The Two-Part NNAAP Exam

Maryland delivers the National Nurse Aide Assessment Program (NNAAP) through Credentia (via its CNA365 platform); since October 2024 MBON has also approved Headmaster / D&S Diversified Technologies as a second testing vendor to add capacity during the 2026 redesignation, so confirm which vendor your training program uses before you register. Either way the exam checks whether a candidate has the knowledge, skills, and judgment for safe entry-level nursing-home (CNA-I / GNA) work. The structure is fixed: one knowledge exam plus one skills evaluation, and you must pass both to be listed on the registry.

Passing only one part does nothing for employment.

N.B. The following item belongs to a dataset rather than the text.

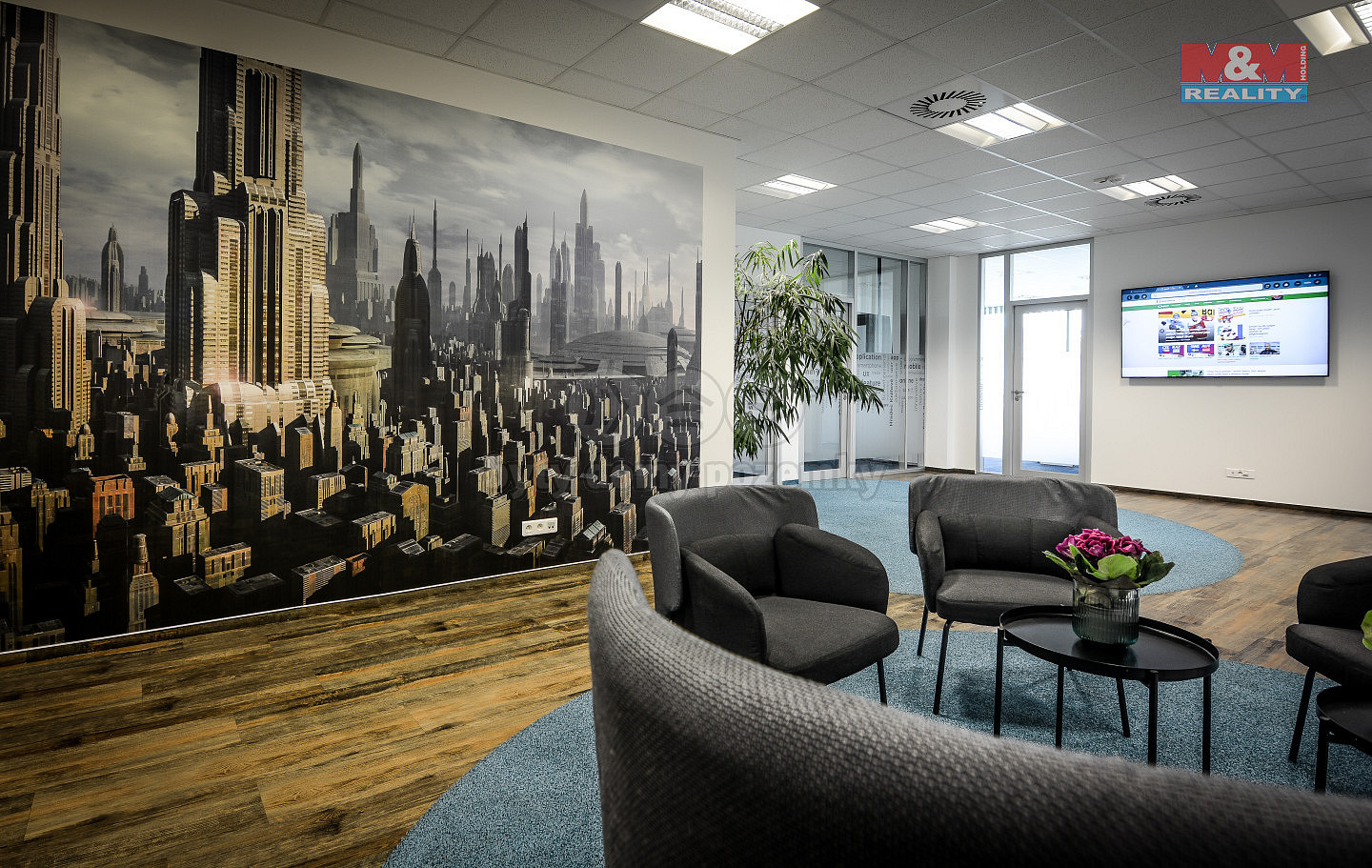 Pronájem kanceláře 1 600 m² — photo 2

The knowledge exam is taken as a written test, or as an oral test if you request that option on your application. The skills evaluation is separate and is performed in front of a trained Nurse Evaluator. Split your study time accordingly: concepts you answer on screen, and procedures you can perform out loud, in correct order, with resident safety built into every step.

Maryland NNAAP Format (verified against the 2024 Credentia handbook)

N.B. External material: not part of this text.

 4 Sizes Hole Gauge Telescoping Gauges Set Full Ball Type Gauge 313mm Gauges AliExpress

PartOfficial formatCandidate focus
Written knowledge exam70 multiple-choice questions, in EnglishConcepts, safety, rights, reporting, care routines
Time (written)2 hoursRoughly 1.7 minutes/question — plenty of time; do not rush
Oral knowledge option60 multiple-choice items plus 10 reading-comprehension itemsSame content, audio delivery when requested at application
Skills evaluation5 randomly selected skills (from a standard bank of ~23)Safe performance, critical steps, communication, privacy
Time (skills)30 minutes for all 5 skillsSmooth sequence without skipping safety steps
ResultsPosted in CNA365Pass/fail by part plus listed deficiencies

What the Knowledge Exam Tests

The NNAAP content outline groups items around four domains: physical care skills, psychosocial care skills, the role of the nurse aide, and basic restorative services. The largest weight sits in physical care and the nurse-aide role. Maryland practice materials emphasize the same pattern — basic nursing skills, personal care (bathing, grooming, toileting), resident rights, documentation, infection control, body mechanics, communication, restorative care, and Maryland-specific scope rules. Treat this credential chapter as scope knowledge, not just paperwork: the exam still tests whether you can recognize safe care.

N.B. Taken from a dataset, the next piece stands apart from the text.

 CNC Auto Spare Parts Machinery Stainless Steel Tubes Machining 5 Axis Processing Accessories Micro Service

A reliable answering habit: ask who owns the decision. A CNA/GNA observes, reports, documents facts, and performs delegated basic care. The nurse assesses, changes the care plan, and responds to abnormal findings. That boundary drives the right answer in scenarios about resident refusal, falls, abnormal vital signs, skin changes, intake and output, and ethics. If an option has the aide diagnosing, medicating (outside the CMA path), or altering the plan of care, it is almost always wrong.

What the Skills Evaluation Rewards

The skills test is a performance exam, not a recitation. You are proving you can do the procedure in a resident-safe sequence. The same anchors appear in nearly every skill:

  • Hand hygiene at the start and after glove removal — the most commonly tested critical element.
  • Explain the procedure and identify the resident.
  • Provide privacy (close the door/curtain).
  • Protect against falls and contamination throughout.
  • Keep the call signal within reach and leave the bed in a low, safe position at the end.

Indirect-care steps (the wash-hands / privacy / call-signal cluster) are scored on every skill, so practicing them as automatic habits protects your score across all five randomly drawn skills. Hand washing itself is a frequently selected stand-alone skill and has strict timed-friction and paper-towel-to-faucet steps that candidates lose points on.

For a failed skills evaluation, the CNA365 score report identifies the five performed skills and marks each satisfactory or unsatisfactory. Any unsatisfactory skill fails that skill, and all five must be satisfactory to pass. Missed critical elements count heavily because they map to real resident harm — for example, omitting hand hygiene or failing to lock a wheelchair before a transfer.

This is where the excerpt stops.